Racionalizar es una de las tantas formas que tenemos los adultos para negar la realidad. Ese mecanismo no está en las manos de un niño y sobre esa imposibilidad de valerse de una justificación cualquiera para abordar y soportar lo real, se construyen dos hermosas ficciones. Y creo que sus virtudes son poderosas tanto en la forma como en el contenido, pero también un poco más allá: en el procedimiento de cómo acceder a una historia y no tener que validarla por un mero acuerdo ideológico.
Es cierto que la mirada de un niño también puede operar como coartada. A un niño le podemos permitir decir cosas que a un adulto no le toleraríamos. La visión crítica dentro de un tipo de pensamiento, cualquiera que este sea, suele ser combatida. Si además ese pensamiento tiene mártires, es aún más difícil. Creo que el camino de la ficción más honesta (valga el oxímoron) está en no validar ningún punto de vista que no sea el del autor, y que no sea coherente con sus formas y sus medios de expresarlo. Puede haber muchos reproductores de historias y discursos, pero muy pocos son capaces de generarlos. No digo que aquí se haya descubierto la pólvora, pero está claro que a la hora de contar no se eligió el camino más fácil y ya eso vale.

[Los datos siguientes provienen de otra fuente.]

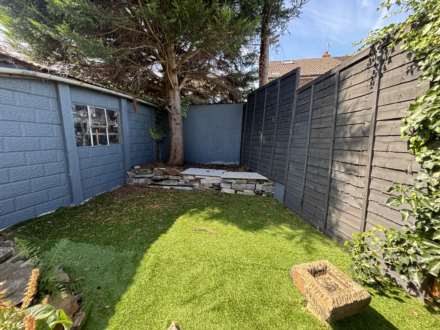 8 Dawlish Avenue, Oldham, Image 21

Hay también un drama de la escritura que no es interno a la historia, sino que está contenido en el correlato de quien escribe frente al mundo que lo rodea. Escribimos en soledad y nos exponemos tanto a la aprobación como al desprecio. Prefiero, digo, la moralidad del que arriesga a un número, su número, a la de aquel que apuesta a color en la ruleta.
Antes de que sonara el despertador terminé de leer el libro de Laura Alcoba y me encontré con la sensación placentera de haber aprovechado mi insomnio de la mejor manera posible. En estos tiempos y a estas alturas, les aseguro que no es poco.